Equities... Frothy seems to be the word of the week coming out of the market... Nasdaq has been a disappointment... We are hearing Pension funds are behind the moves... With the recent Millman report showing 98% pensions fully funded, pension funds are selling equities to lock in their gains and buying bonds... Certainly fits the narrative...the big fliers are under pressure... Some of it may be the proposed increases in capital gains projected for later in the year...either way Nasdaq is down over the last 5 days while the traditional Dow Theory, which follows the Dow and the Dow Transportation, hit historical highs yesterday.
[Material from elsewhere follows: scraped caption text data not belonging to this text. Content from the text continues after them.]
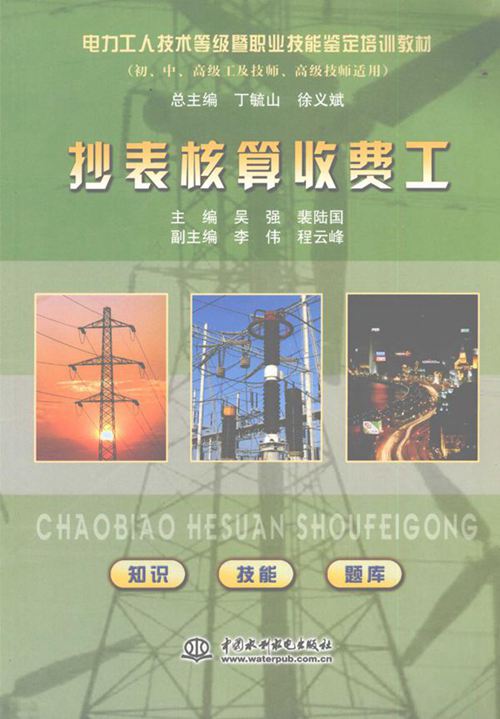 电力工人技术等级暨职业技能鉴定培训教材 抄表核算收费工 初 中 高级工及技师 高级技师适用 丁毓山,徐义斌 ,吴强,裴陆国分册 (2009版)
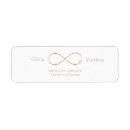 Search for love romantic return address labels Simple
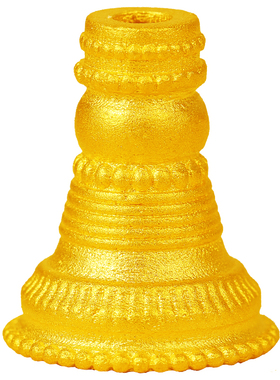 黄金文玩三通分体式佛塔古法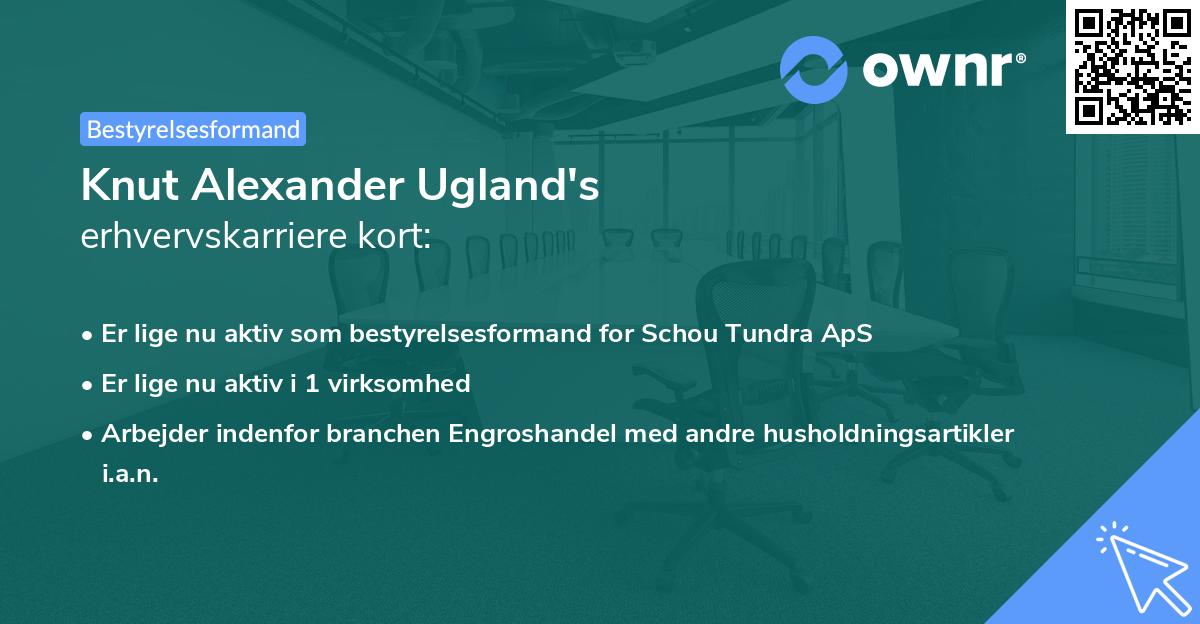 Knut Alexander Ugland's erhvervskarriere kort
Inflation... It is here... You can see it in Tips 10 year breakeven, which is the negative of 10 year tips of .90 added to the yield of 10 years, is now 2.47%, which in theory is the expected inflation + rates premium over the next 10 years... Do the same for the 5 years of 1.921 +.79 and you get 2.71% inflation (+ premium) over the next 5 years... And you wonder why rates are not higher... The Fed, ex Kaplan, continues to pound the idea of transitory, which the market seems to be listening too... Rosengren made some good points yesterday that given the current state of housing, the Fed should taper mortgages...
May is the beginning of the 6 month time frame of weak equity prices... We thought it could be avoided given the massive amount of current stimulus that is working through the system and the additional call of 4.1 trillion over the next few months, but the weakness is worrisome... If great earnings and outlooks can not get equity markets to rise, then we may be facing a period of consolidation. Corporate spreads are still rock solid with 9 billion of orders for the JPM deal yesterday for their 2 billion issuance... And over 4.4 billion of the oxymoron of High Yield issued yesterday... And for treasuries, if the expectation of a string of over 1mm a month employment can not get us to higher yields, along with 13.57% Atlanta GDP numbers, then we have to wait for more inflation... Again, markets are not playing by the playbook... Trend carefully.